En medio de la discusión sobre las revelaciones incriminatorias del exasesor del Ministerio Público Jaime Villanueva, ha (re)aparecido un debate fascinante sobre cómo ingresa la política a la educación escolar.
Esto, a propósito de un proyecto de ley presentado por el Ejecutivo para modificar la Ley de Reforma Magisterial, con miras a destituir o bloquear el ingreso a la carrera docente de cualquier persona que esté vinculada a “una organización, movimiento o cualquier forma de agrupación cuya ideología o actos sean contrarios al orden constitucional, al sistema democrático y/o al respeto a los derechos humanos”.
Qué objetivo más loable, pensaría uno al revisar esta iniciativa legislativa si no tuviera mayores referencias del contexto peruano. Pero sucede que uno de los ámbitos en los que se manifiesta nuestra polarización política es en la percepción que tenemos sobre qué sector ideológico tiene –o debería tener– “capturada” a la docencia en el Perú.
El carácter de urgencia con el que se presenta este proyecto solo se explica si uno asume que hoy un número grande de escolares está siendo sometido a una suerte de imposición artera de ideales antidemocráticos y de todo tipo de justificaciones del uso de la violencia como método para alcanzar el poder, y que esto hay que pararlo ya mismo.
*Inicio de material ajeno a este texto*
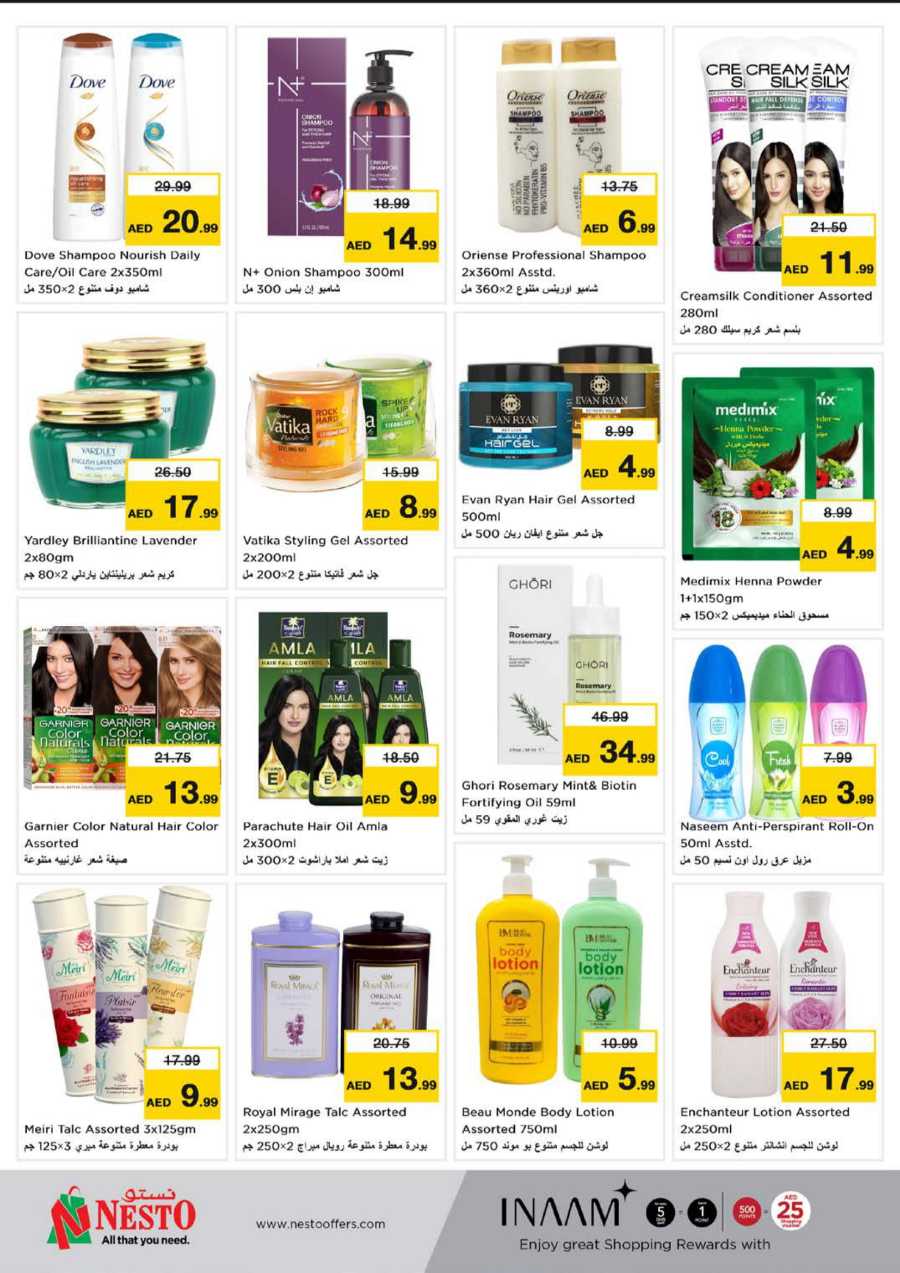 Ramadan Super Deals In Nesto Hypermarket Dubai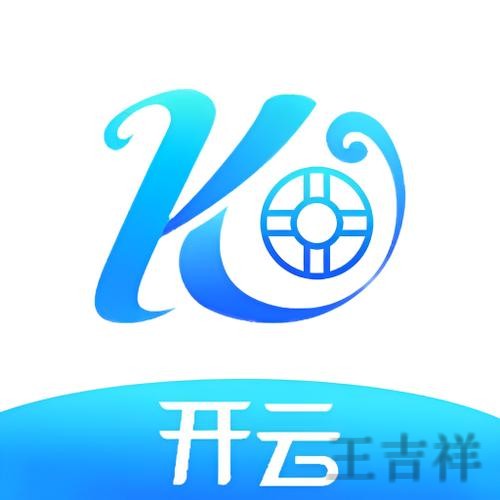 开云手机APP官方下载入口与安装指南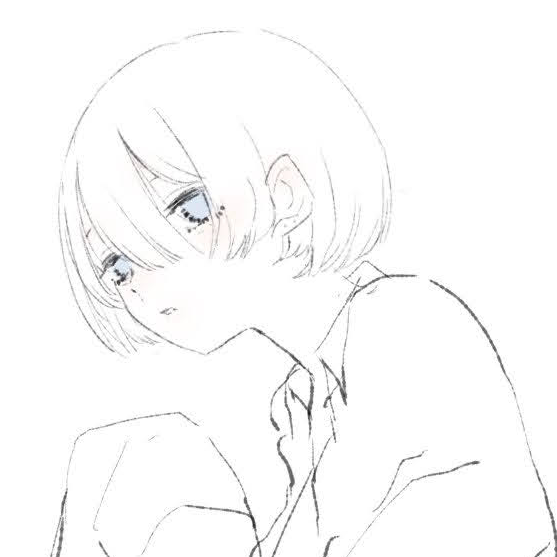 たお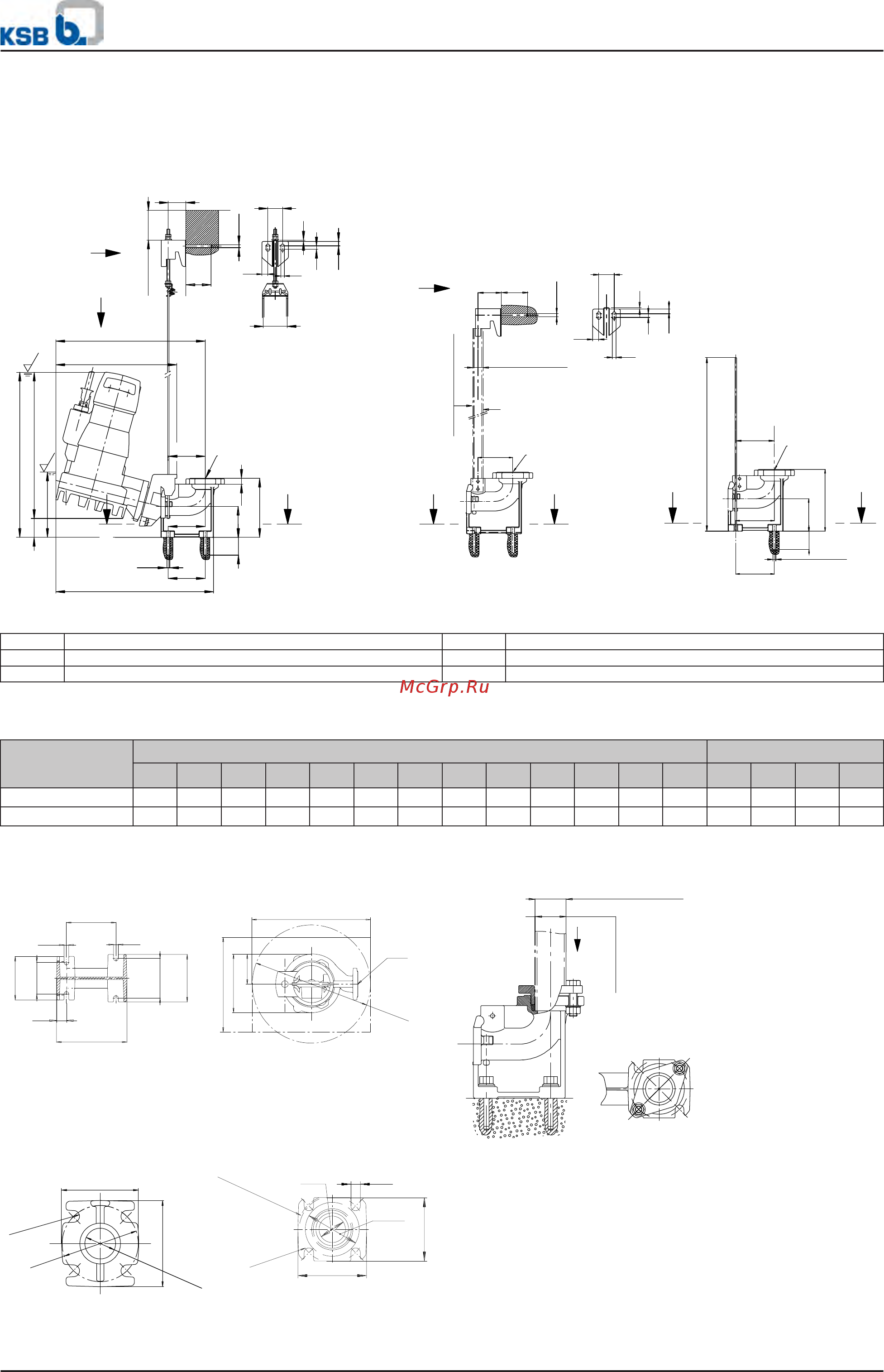 KSB Amarex D 100-220/034 39100368 [26/52] Amarex n
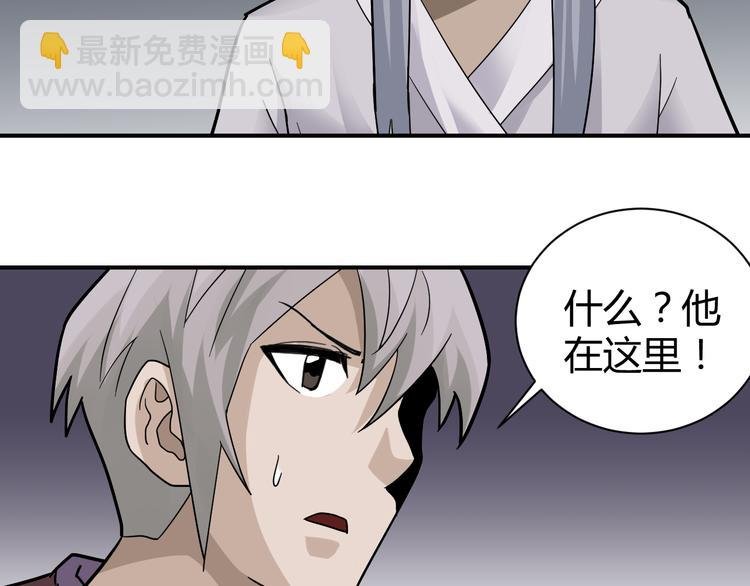 新春番外 搞笑挑战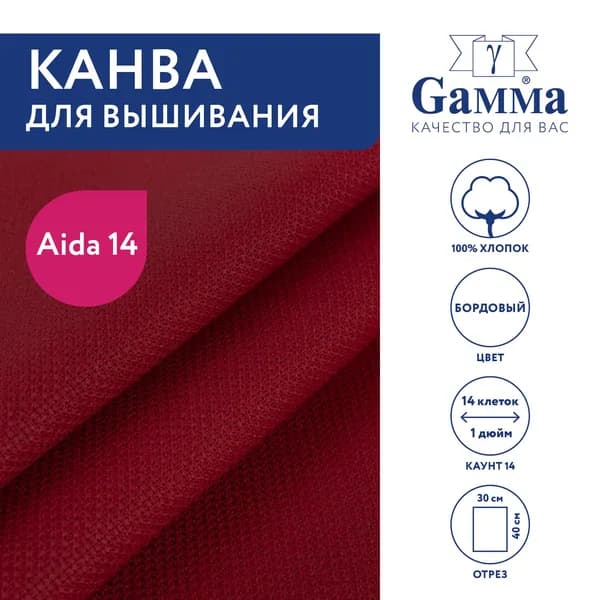 Канва K04 "Gamma" Aida №14 цв. 100% хлопок 30 х 40 см бордовый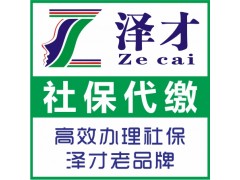 代辦廣州生育險報銷服務，廣州生育津貼標準流程，可申報生育補貼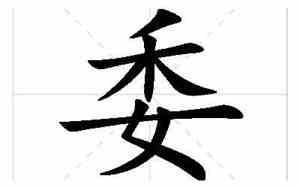任玺好听的名字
En la exposición de motivos, el Gobierno alude directamente al Movadef, organismo de fachada de Sendero Luminoso, y a otros grupos que “han logrado captar y/o infiltrar a docentes de la carrera pública magisterial”.
Del otro lado del espectro ideológico, se señala que esta iniciativa no es más que otra manifestación del llamado “terruqueo”, una suerte de persecución política que establece sus objetivos de manera suficientemente ambigua como para poder excluir de la docencia no solo a quienes efectivamente endosen el uso de la violencia –lo que sí se justificaría, a mi juicio–, sino de manera más general a cualquiera que tenga una visión disidente del statu quo “neoliberal”.
¿Cuán grande es el problema que el Gobierno dice estar queriendo solucionar? No lo sabemos a ciencia cierta; el proyecto de ley no es claro en ese sentido. Pero sí aprecia uno que este debate se nubla porque mucha gente cree que las escuelas son, en efecto, un espacio de captura ideológica. Que uno debe impedir que quienes están en la otra orilla política consigan ese objetivo, para así poner a docentes con los que uno esté ideológicamente alineado, para que terminen haciendo precisamente aquello que uno decía que estaba mal que hicieran los otros.
Hay una forma distinta –y mejor– de aproximarse a este debate. Esta no es ni debe ser una competencia por ver quién logra manipular a los estudiantes con sus propias ideas.
Si realmente valoramos la democracia, tenemos que hacerles ver por qué es importante, promoviendo activamente el ejercicio de valores democráticos en el aula misma. Y uno de esos valores –el que más nos cuesta practicar estos días– es el pluralismo político, vale decir, la capacidad de entender que muchos temas despiertan visiones discrepantes en la sociedad, y que es normal que eso ocurra.
Para gestionar ese pluralismo, uno requiere desarrollar ciertas virtudes como la curiosidad, la apertura de mente, el pensamiento crítico, la empatía, la tolerancia y el respeto. Todas, virtudes que uno debería aprender en la escuela, y mientras más temprano, mejor.
De manera que yo plantearía este dilema de forma inversa a como lo está haciendo el Gobierno y le preguntaría a este: ¿Qué están haciendo, más allá de proponer el camino fácil, pero potencialmente arbitrario de censurar a determinados docentes, para asegurar desde el Ministerio de Educación que nuestros escolares estén recibiendo una educación que les inculque efectivamente valores democráticos? ¿Qué herramientas pedagógicas se están utilizando para que puedan vivir la democracia desde el aula, de tal modo que luego sea absolutamente natural para ellos defenderla?
En países como el Reino Unido hay pautas muy claras y hasta jurisprudencia sobre cómo los docentes deben manejar la imparcialidad en temas políticos, porque se busca formar estudiantes que muestren “entendimiento y respeto por las legítimas diferencias de opinión”. En el Perú, la educación cívica es una lágrima. Estamos ahora preocupados por bloquear la enseñanza de valores antidemocráticos en la escuela, cuando ni siquiera nos hemos ocupado de enseñar bien los que sí nos interesa promover.
Si nos cuesta tanto escucharnos entre peruanos porque creemos que nuestras ideas distintas nos convierten en enemigos, quizá sea porque no tuvimos un profesor en la escuela que nos enseñara que se puede discrepar con respeto y hasta cariño, reconociendo la humanidad y la dignidad de quien está en la posición contraria. Si realmente queremos cambiar el país, necesitamos más docentes que sepan hacer eso.